Extracted information:
Content starts
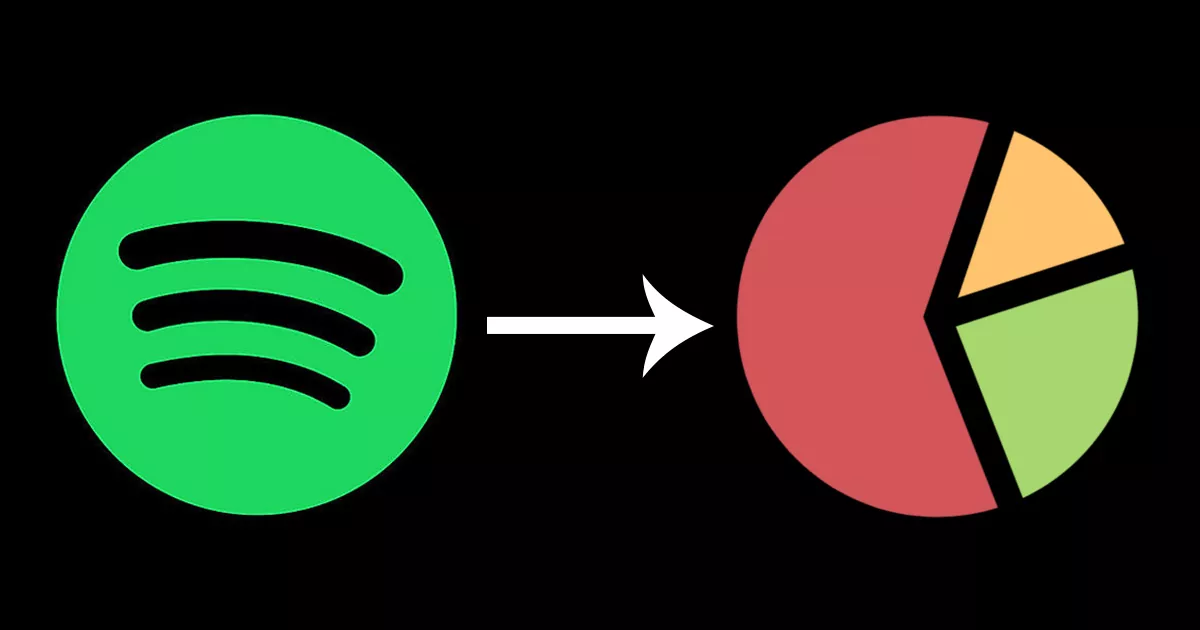 Spotify Pie Chart: How to Make Viral Spotify Pie Chart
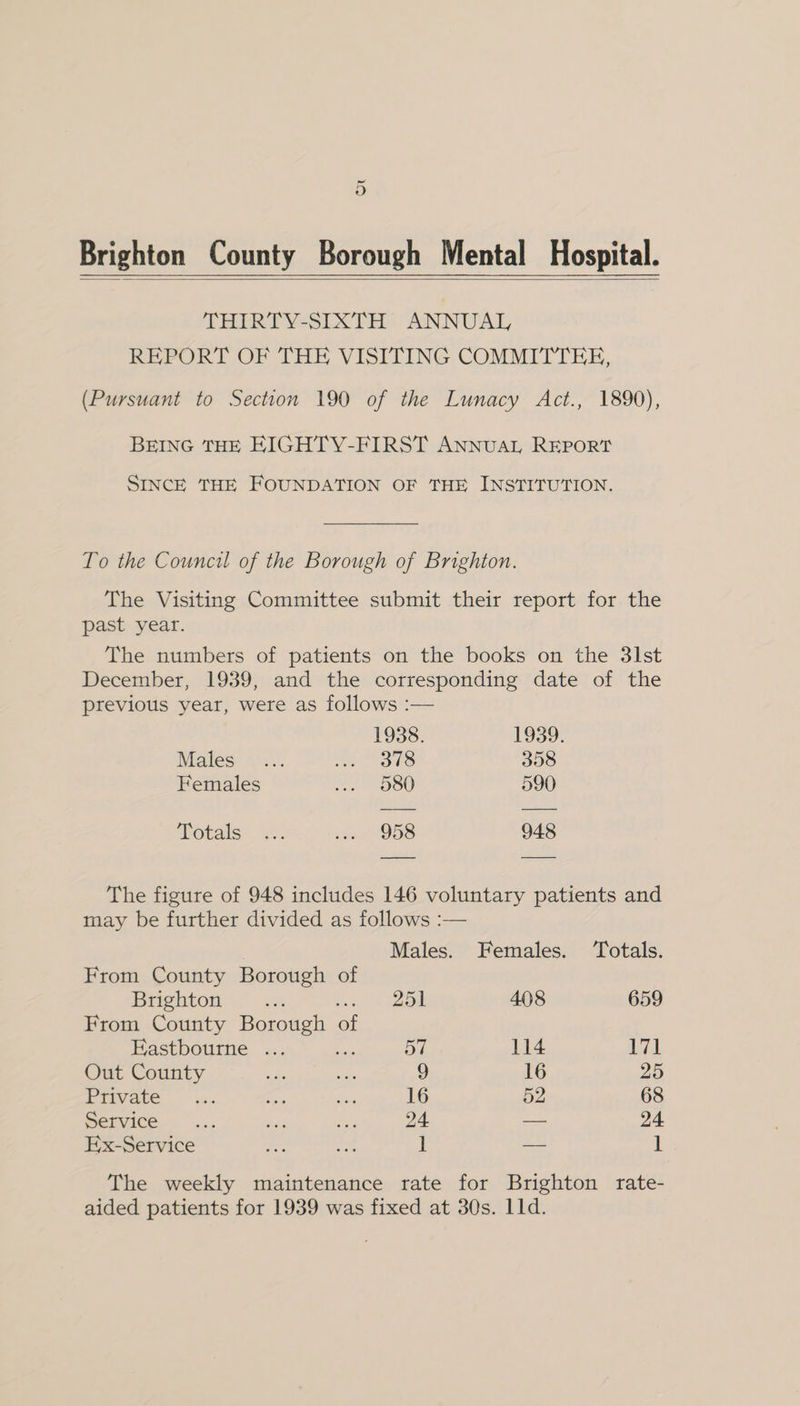 Brighton County Borough Mental Hospital. THIRTY-SIXTH ANNUAL REPORT OF THE VISITING COMMITTEE, (Pursuant to Section 190 of the Lunacy Act., 1890), BEING THE EIGHTY-FIRST ANNUAL REPORT SINCE THE FOUNDATION OF THE INSTITUTION. To the Council of the Borough of Brighton. The Visiting Committee submit their report for the past year. The numbers of patients on the books on the 3lst December, 1939, and the corresponding date of the previous year, were as follows :— 1938. 1939. Males... 5s SES 358 Females ... 980 590 Potais:. es ... 958 948 The figure of 948 includes 146 voluntary patients and may be further divided as follows :— Males. Females. Totals. From County Borough of Brighton le 251 408 659 From County PORE of Eastbourne ... i: ay 114 171 Out County we ae 9 16 25 Private ... . aw 16 52 68 Service... re i 24 — 24 Ex-Service nae ae, ii — 1 The weekly maintenance rate for Brighton rate- aided patients for 1939 was fixed at 30s. 11d.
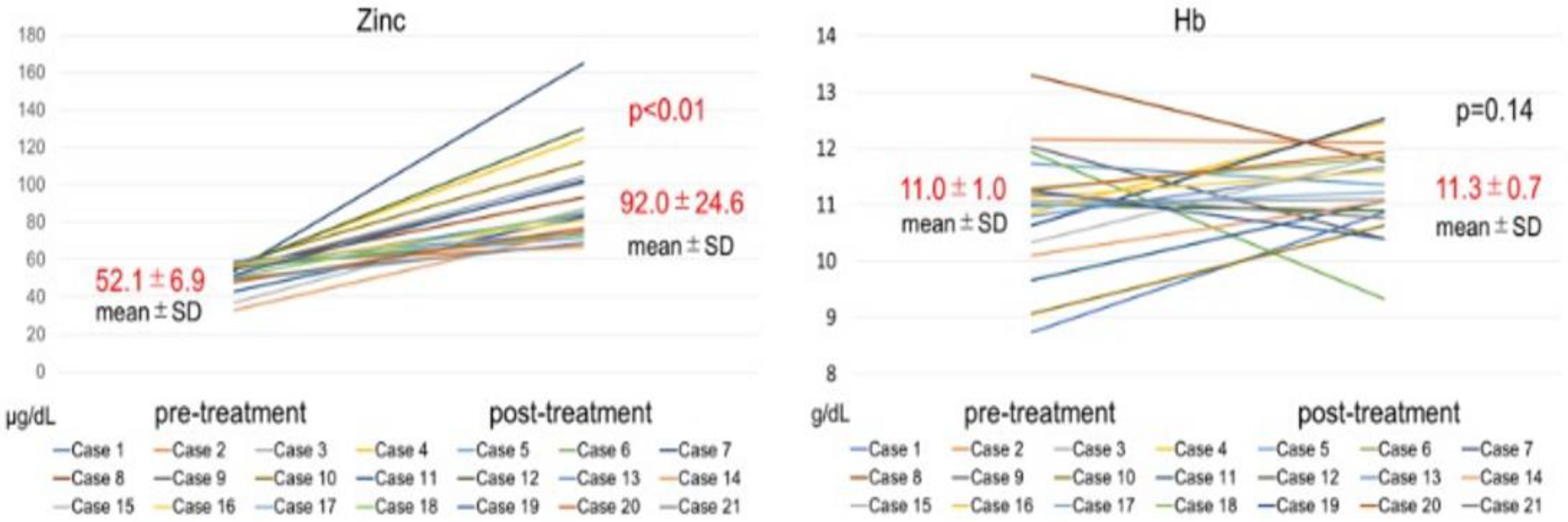 Toxins 14 00746 g001 Toxins 14 00746 g001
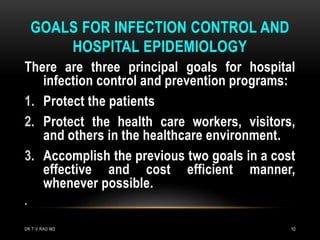 GOALS FOR INFECTION CONTROL AND
HOSPITAL EPIDEMIOLOGY
There are three principal goals for hospital
infection control and prevention programs:
1. Protect the patients
2. Protect the health care workers, visitors,
and others in the healthcare environment.
3. Accomplish the previous two goals in a cost
effective and cost efficient manner,
whenever possible.
.
DR.T.V.RAO MD 10
 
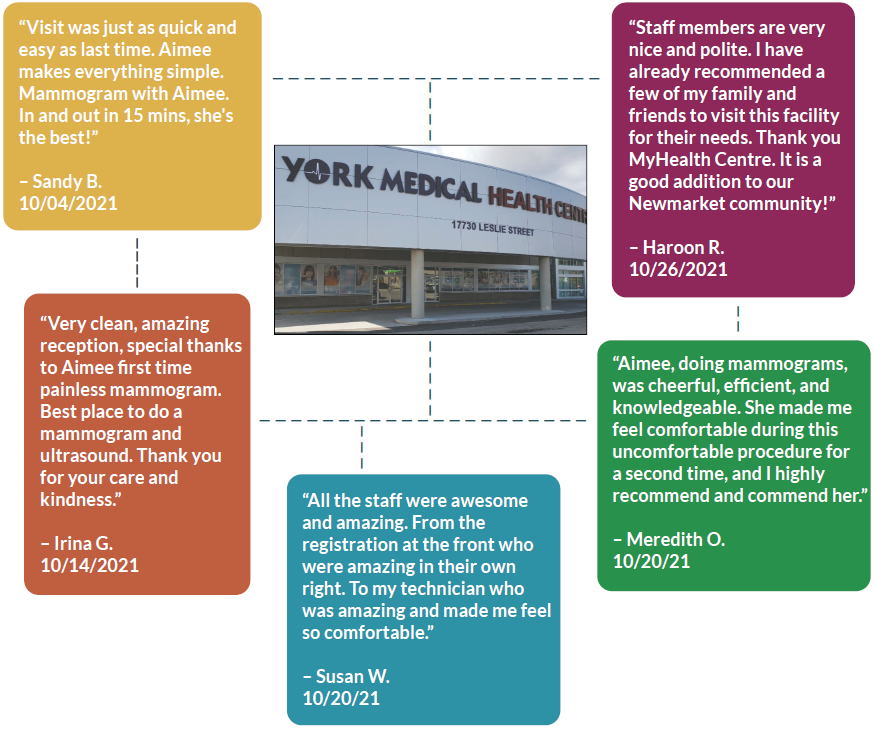 welldiagnostics's tweet photo. We’d like to take this opportunity to highlight some recent 5-Star Google Reviews from patients at our Newmarket clinic. They received nearly 40 five-star reviews in October. Great job, team – Thank you for your dedication and hard work! https://t.co/xGtnHjojKj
Content ends
Exercise: Write each entry again exactly, minus any images.

Task output:
 Spotify Pie Chart: How to Make Viral Spotify Pie Chart
 Brighton County Borough Mental Hospital. THIRTY-SIXTH ANNUAL REPORT OF THE VISITING COMMITTEE, (Pursuant to Section 190 of the Lunacy Act., 1890), BEING THE EIGHTY-FIRST ANNUAL REPORT SINCE THE FOUNDATION OF THE INSTITUTION. To the Council of the Borough of Brighton. The Visiting Committee submit their report for the past year. The numbers of patients on the books on the 3lst December, 1939, and the corresponding date of the previous year, were as follows :— 1938. 1939. Males... 5s SES 358 Females ... 980 590 Potais:. es ... 958 948 The figure of 948 includes 146 voluntary patients and may be further divided as follows :— Males. Females. Totals. From County Borough of Brighton le 251 408 659 From County PORE of Eastbourne ... i: ay 114 171 Out County we ae 9 16 25 Private ... . aw 16 52 68 Service... re i 24 — 24 Ex-Service nae ae, ii — 1 The weekly maintenance rate for Brighton rate- aided patients for 1939 was fixed at 30s. 11d.
 Toxins 14 00746 g001 Toxins 14 00746 g001
 GOALS FOR INFECTION CONTROL AND
HOSPITAL EPIDEMIOLOGY
There are three principal goals for hospital
infection control and prevention programs:
1. Protect the patients
2. Protect the health care workers, visitors,
and others in the healthcare environment.
3. Accomplish the previous two goals in a cost
effective and cost efficient manner,
whenever possible.
.
DR.T.V.RAO MD 10
 
 welldiagnostics's tweet photo. We’d like to take this opportunity to highlight some recent 5-Star Google Reviews from patients at our Newmarket clinic. They received nearly 40 five-star reviews in October. Great job, team – Thank you for your dedication and hard work! https://t.co/xGtnHjojKj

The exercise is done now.